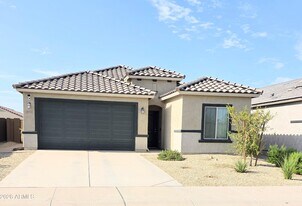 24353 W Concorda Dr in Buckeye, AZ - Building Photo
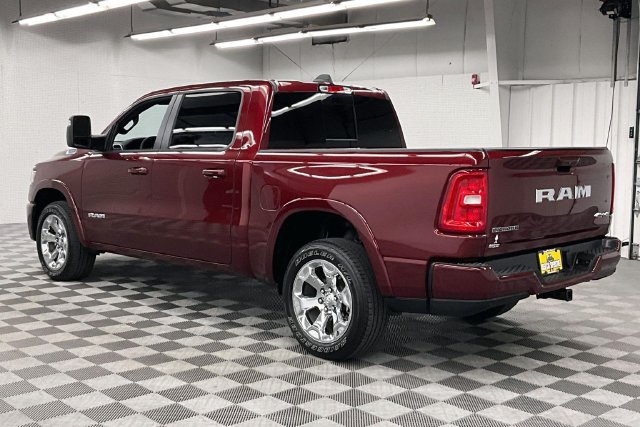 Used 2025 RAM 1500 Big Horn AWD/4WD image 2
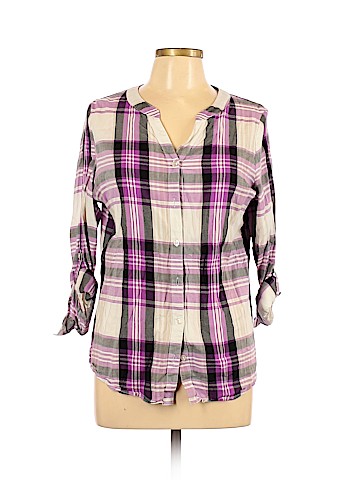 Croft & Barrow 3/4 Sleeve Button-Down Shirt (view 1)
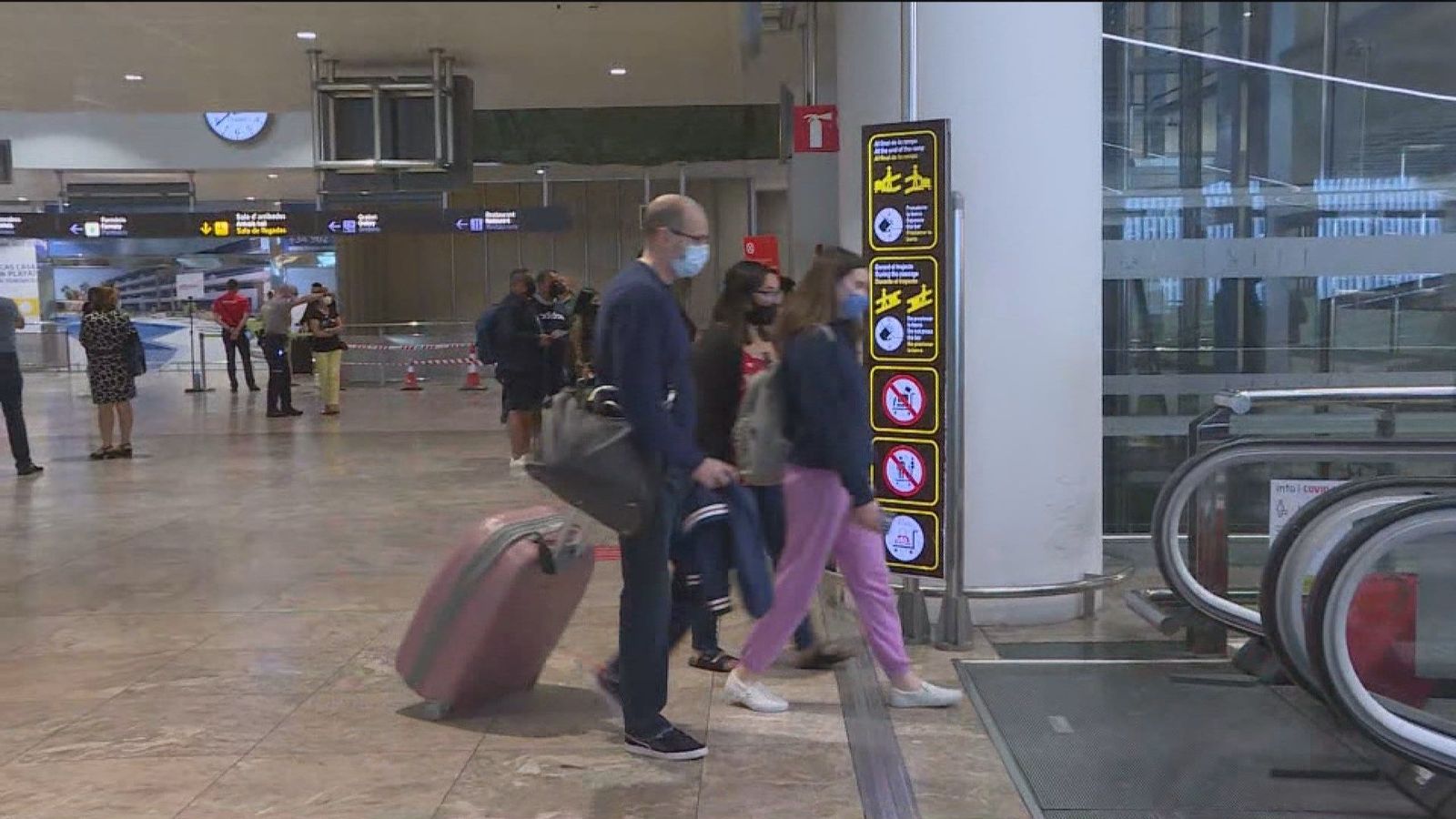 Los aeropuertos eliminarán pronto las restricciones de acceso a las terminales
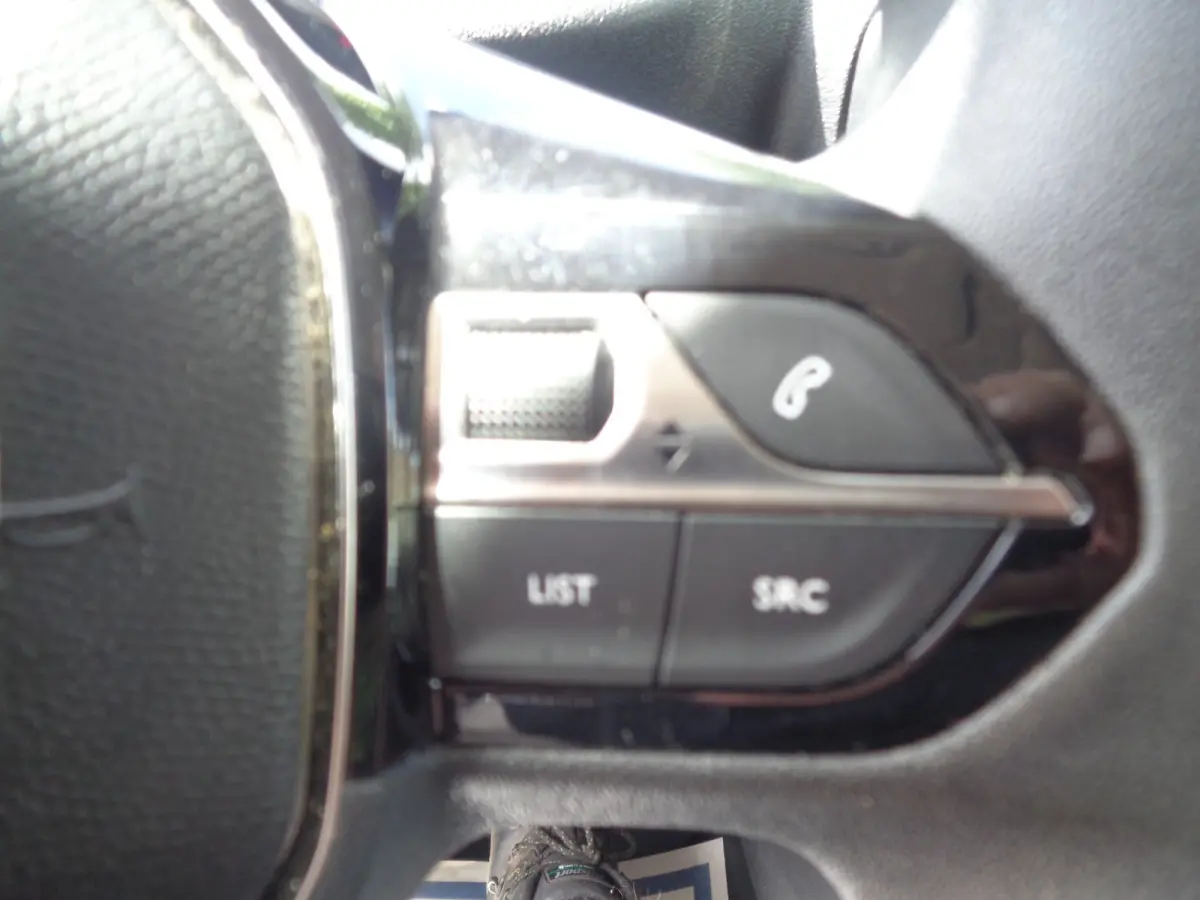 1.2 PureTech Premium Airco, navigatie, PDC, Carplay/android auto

○ ○ ○ ○ ○

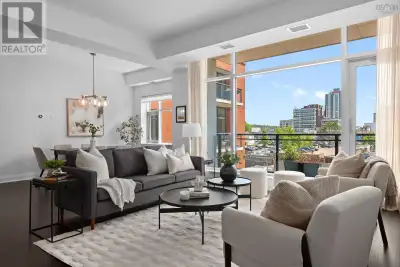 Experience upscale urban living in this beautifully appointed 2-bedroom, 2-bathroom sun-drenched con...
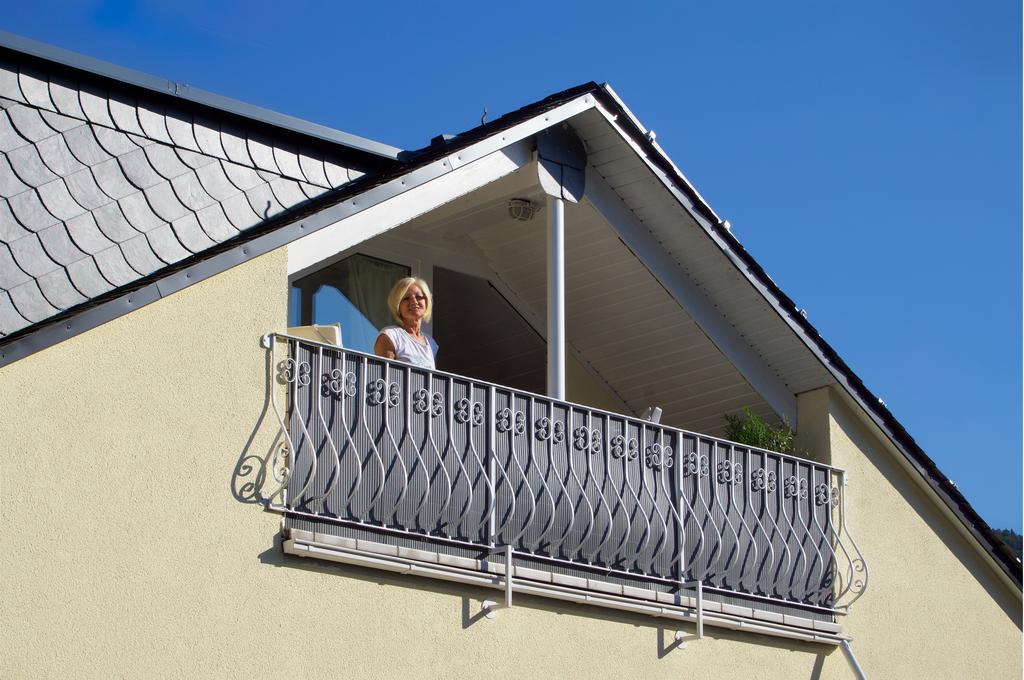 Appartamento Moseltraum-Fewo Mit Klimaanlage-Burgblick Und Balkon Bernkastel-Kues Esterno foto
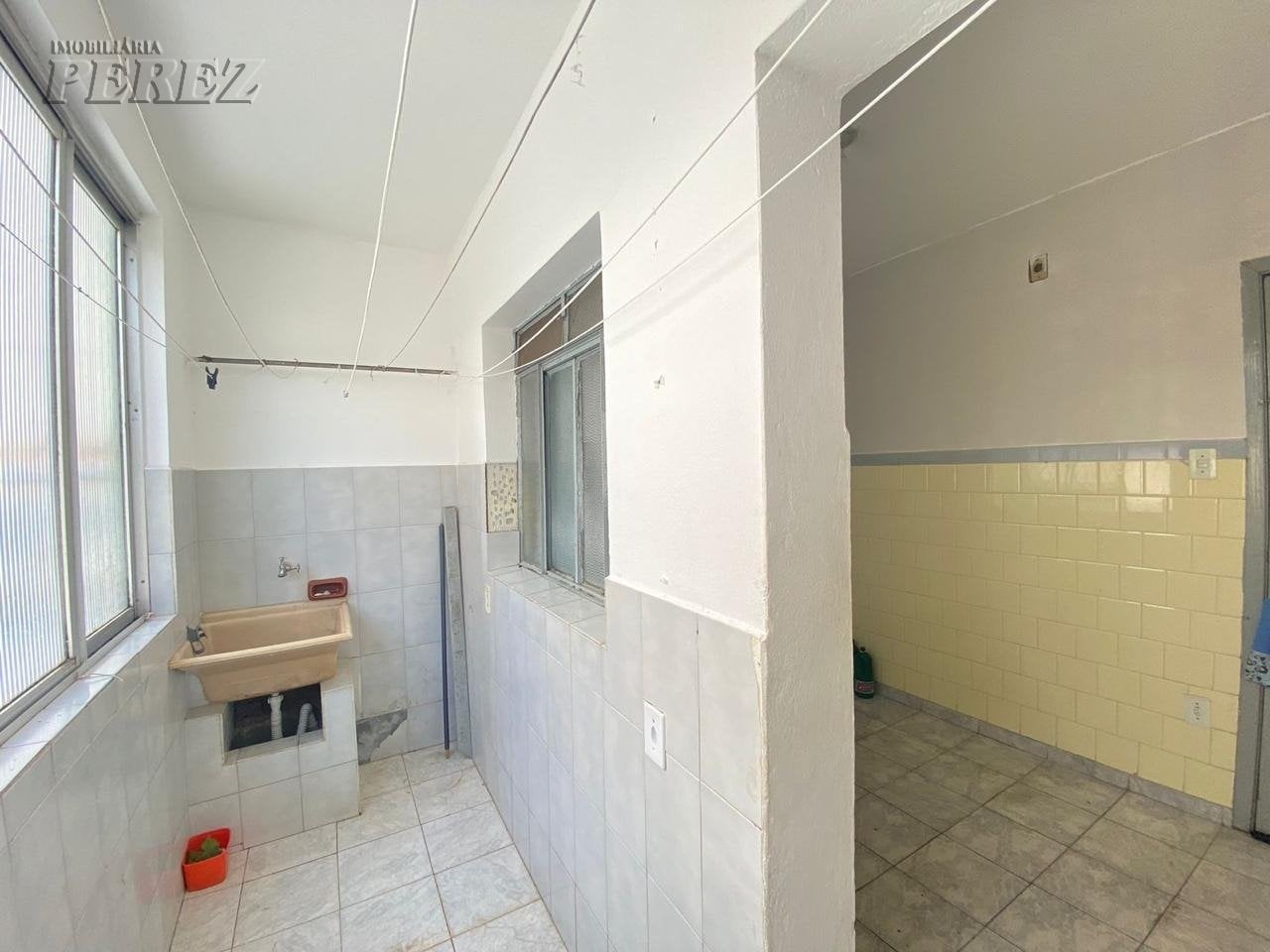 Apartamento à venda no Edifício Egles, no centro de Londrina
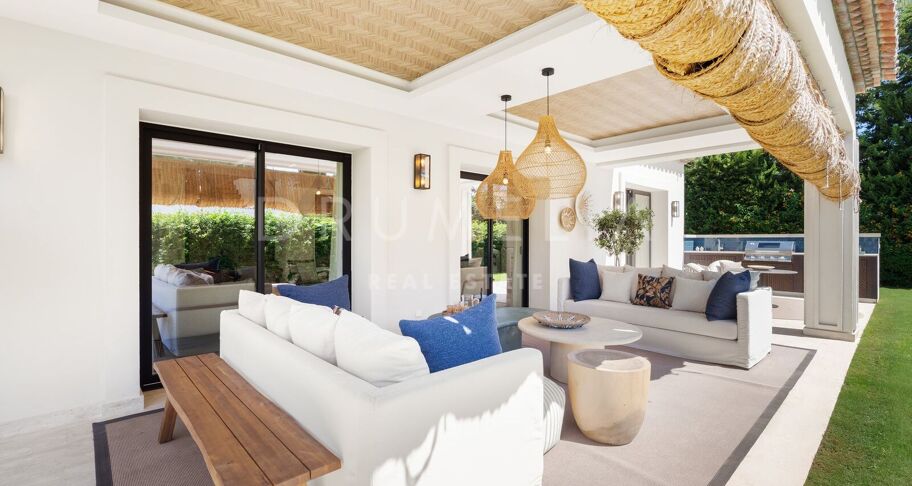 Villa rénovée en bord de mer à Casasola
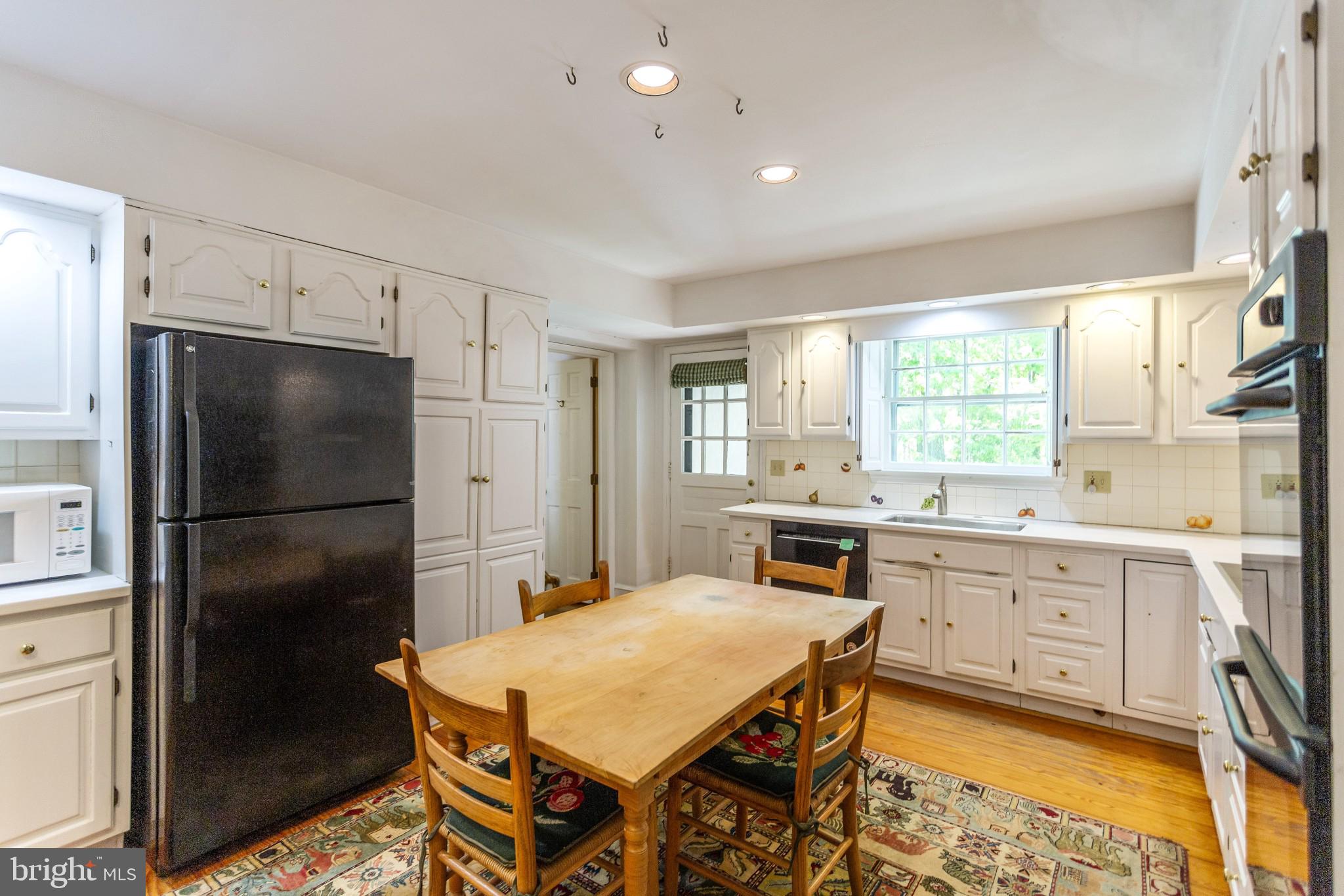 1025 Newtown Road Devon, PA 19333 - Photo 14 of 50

○ ○ ○ ○ ○

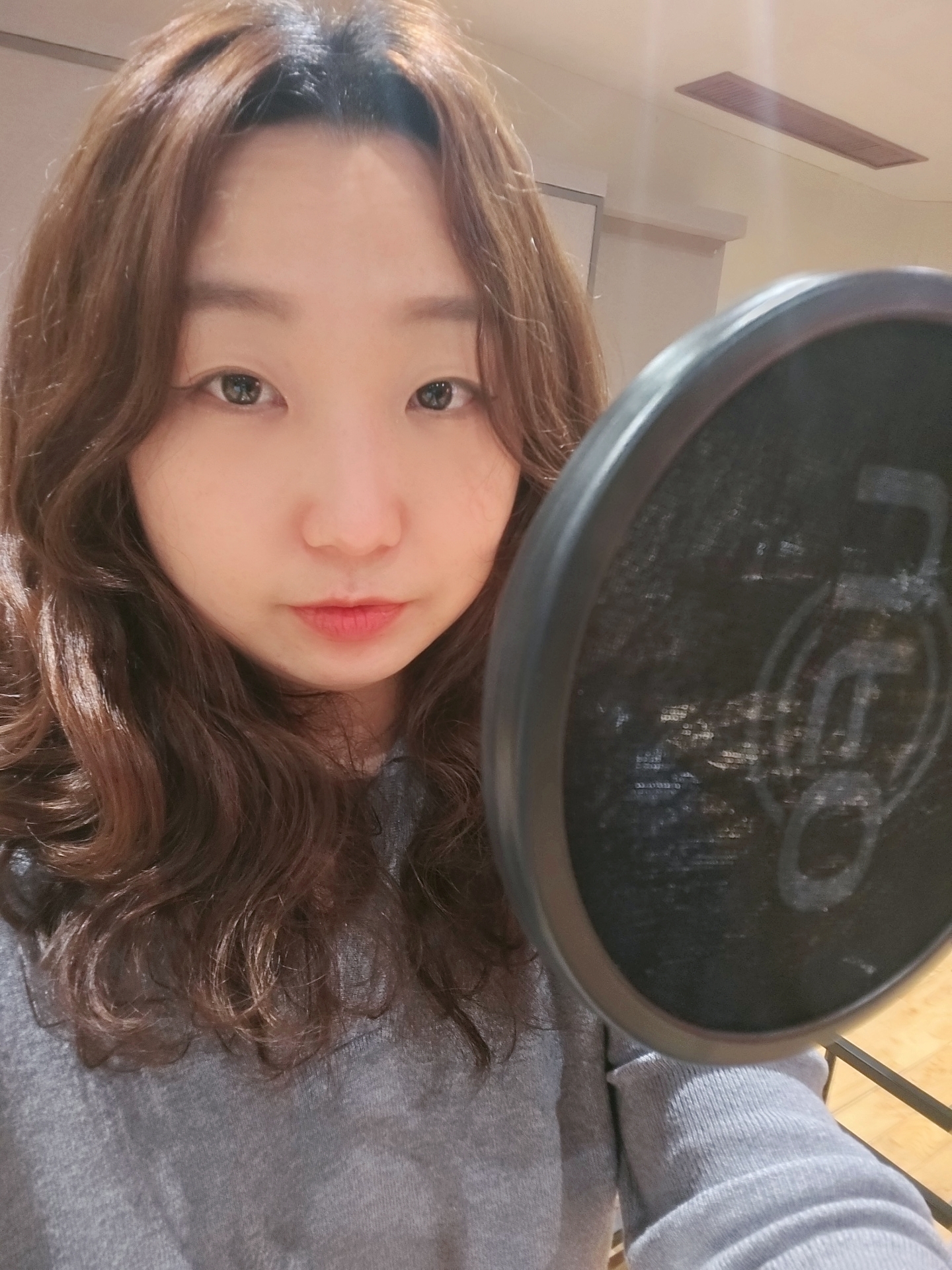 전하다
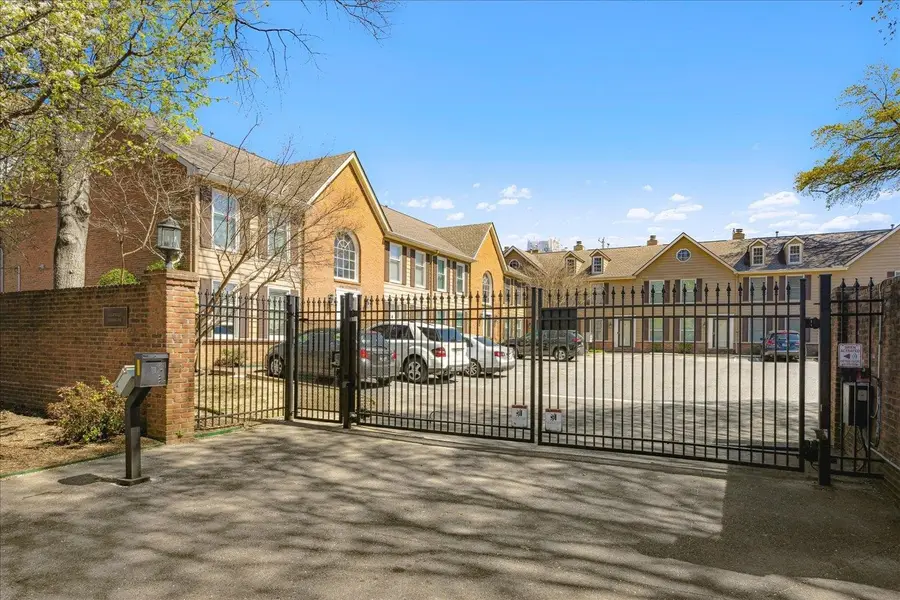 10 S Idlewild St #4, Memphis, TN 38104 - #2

○ ○ ○ ○ ○

What's needed is an exact copy of the lines above from the one with "Apartamento à venda" through the one with "1025 Newtown Road", both included; the pictures stay out.

 Apartamento à venda no Edifício Egles, no centro de Londrina
 Villa rénovée en bord de mer à Casasola
 1025 Newtown Road Devon, PA 19333 - Photo 14 of 50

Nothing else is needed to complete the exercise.